* **The problem**: Take the line that holds "William Mellor (British, 1851-1931)" and every line after it to the end of the entries, and repeat them exactly without the pictures.

▬▬▬

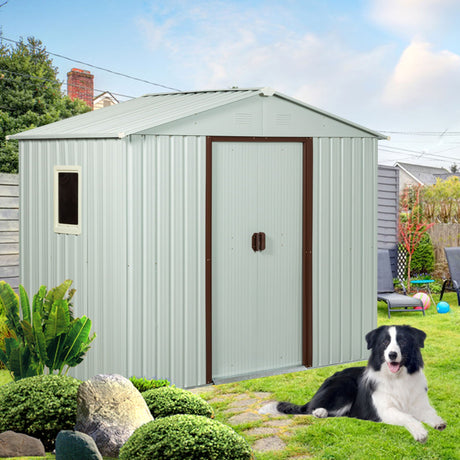 88.98" Outdoor Metal Storage Shed With Window HouseOfZazla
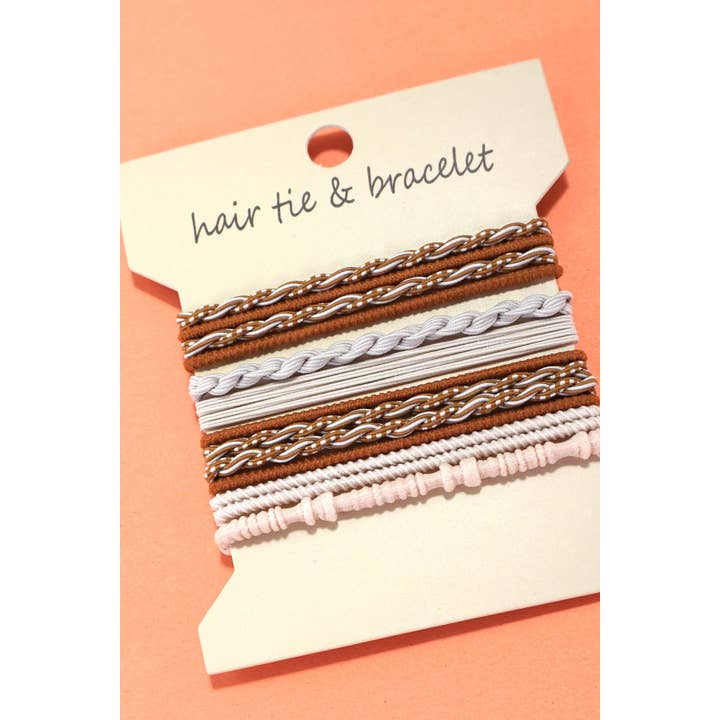 JOSSLYN by wall to wall - Wholesale Woven/Braided Bracelet - BOHO DUAL FUNCTION KNOT BRACELET HAIR TIES | 40BH103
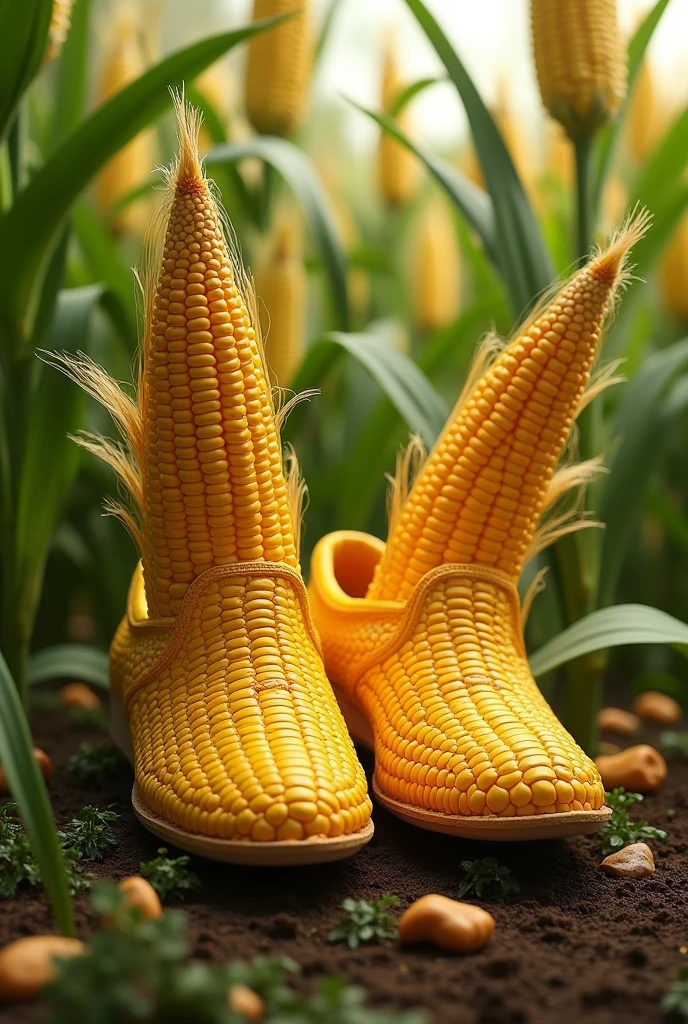 Imagina unos zapatos increíbles de maiz 🌽 donde se busca detalladamente y tenga un fondo increíble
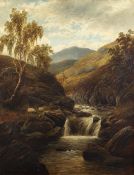 William Mellor (British, 1851-1931) Sheep grazing beside a waterfall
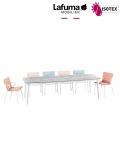 Table repas extensible Lafuma Mobilier Ancône Opale - Plateau coloris ciment et Pieds coloris kaolin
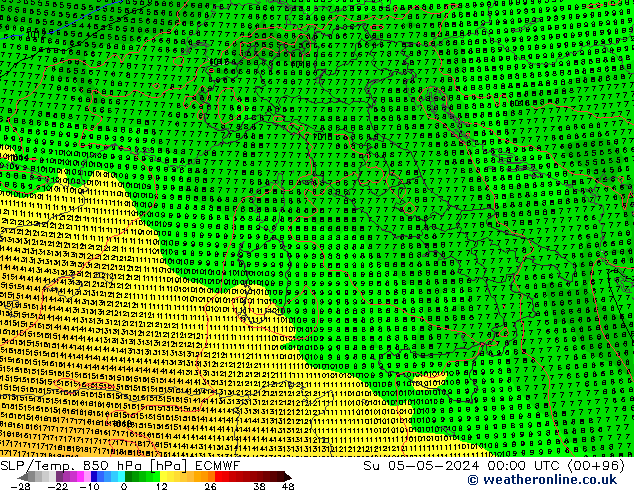 850 hPa Yer Bas./Sıc ECMWF Paz 05.05.2024 00 UTC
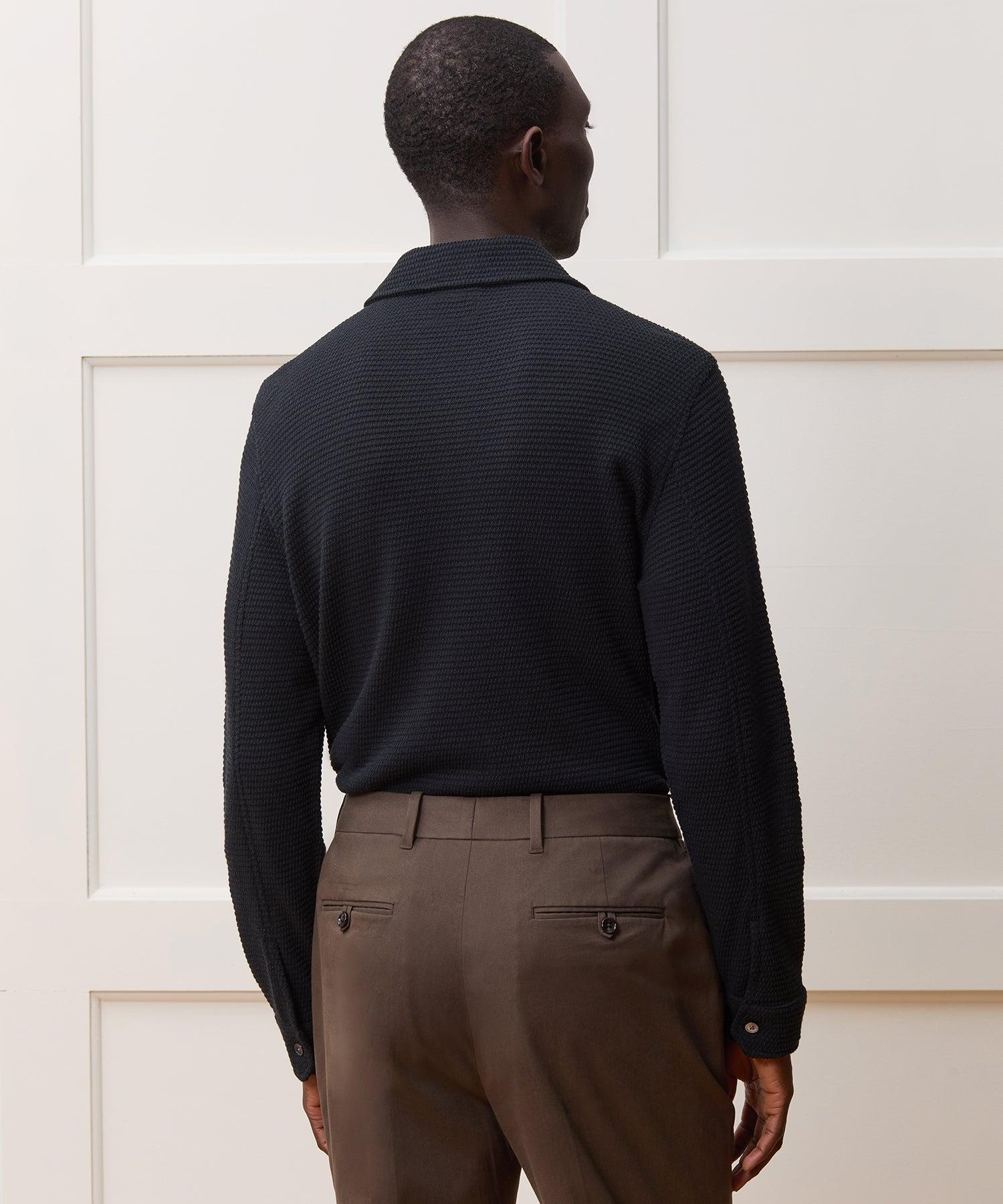 Textured Knit Polo Shirt Product Image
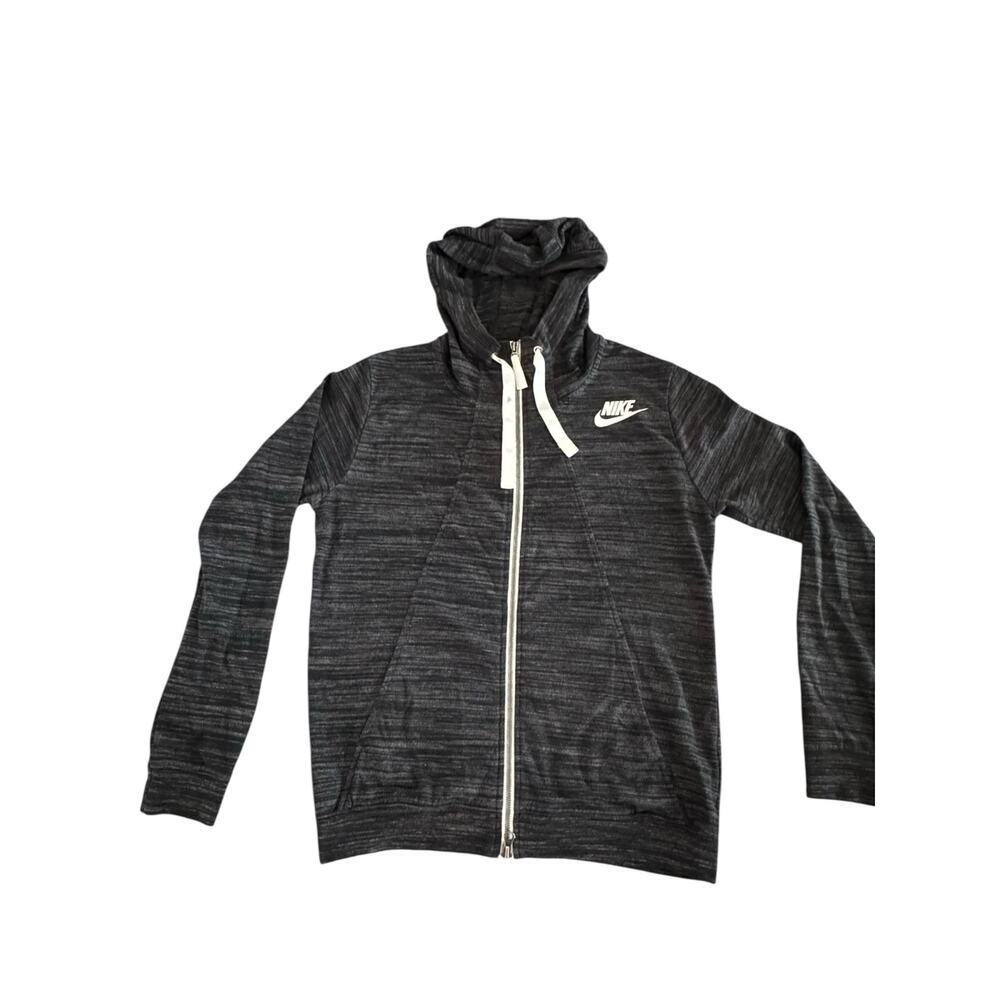 Nike Full Zip Hoodie Sweatshirt‎ Black Heathered Size M Cotton Blend Drawstring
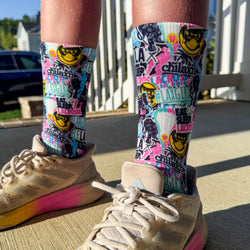 Girls Lacrosse Graphic Flex Mid-Calf Socks - Lax Girl Life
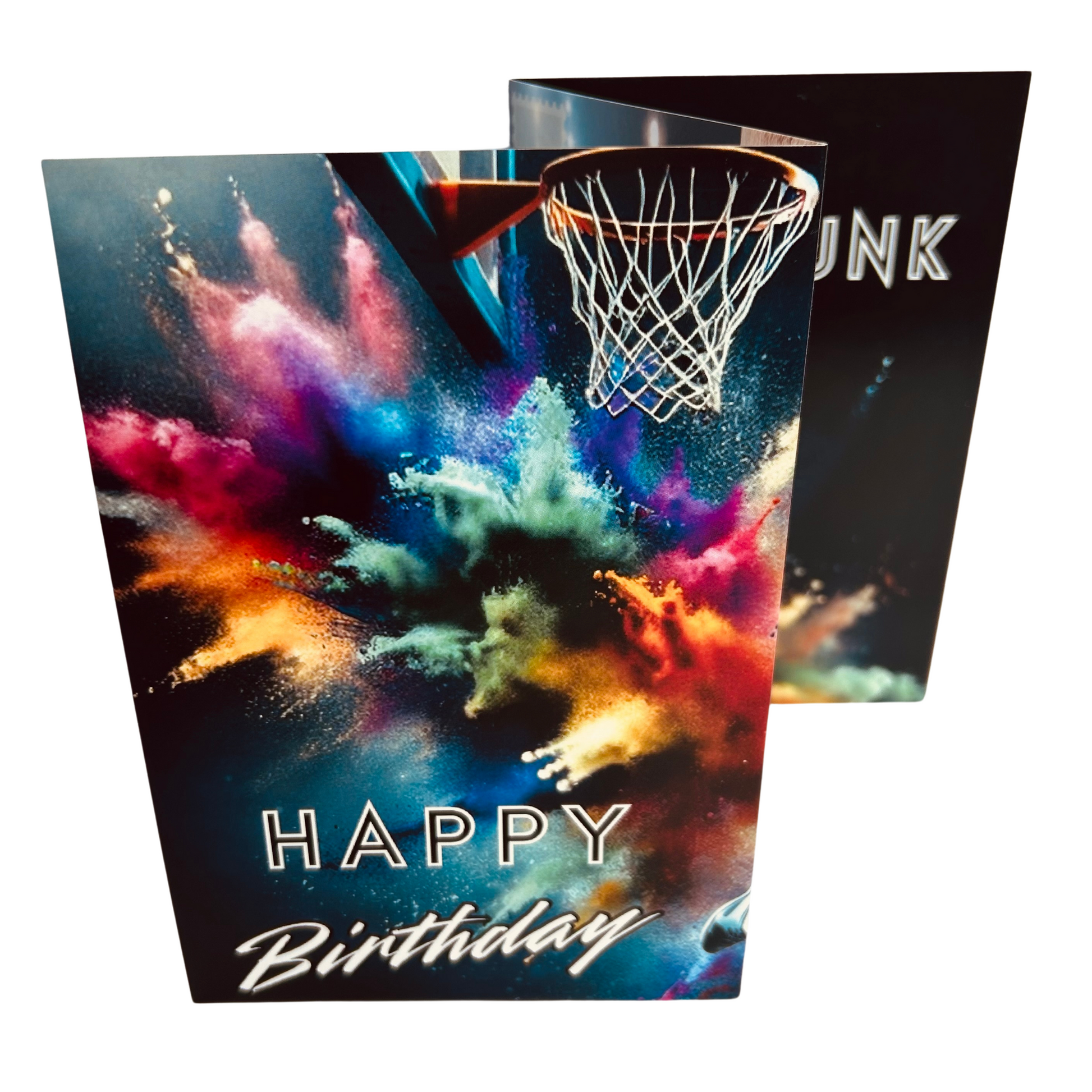 Trifold Male Basketball Birthday Card from the Push the Limit Range. Image shows the folded card depicting front with basketball hoop in top right hand corner and a background of colouful paint splatters. The caption reads 'Happy Birthday'.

▬▬▬

* **Result of this task**:
 William Mellor (British, 1851-1931) Sheep grazing beside a waterfall
 Table repas extensible Lafuma Mobilier Ancône Opale - Plateau coloris ciment et Pieds coloris kaolin
 850 hPa Yer Bas./Sıc ECMWF Paz 05.05.2024 00 UTC
 Textured Knit Polo Shirt Product Image
 Nike Full Zip Hoodie Sweatshirt‎ Black Heathered Size M Cotton Blend Drawstring
 Girls Lacrosse Graphic Flex Mid-Calf Socks - Lax Girl Life
 Trifold Male Basketball Birthday Card from the Push the Limit Range. Image shows the folded card depicting front with basketball hoop in top right hand corner and a background of colouful paint splatters. The caption reads 'Happy Birthday'.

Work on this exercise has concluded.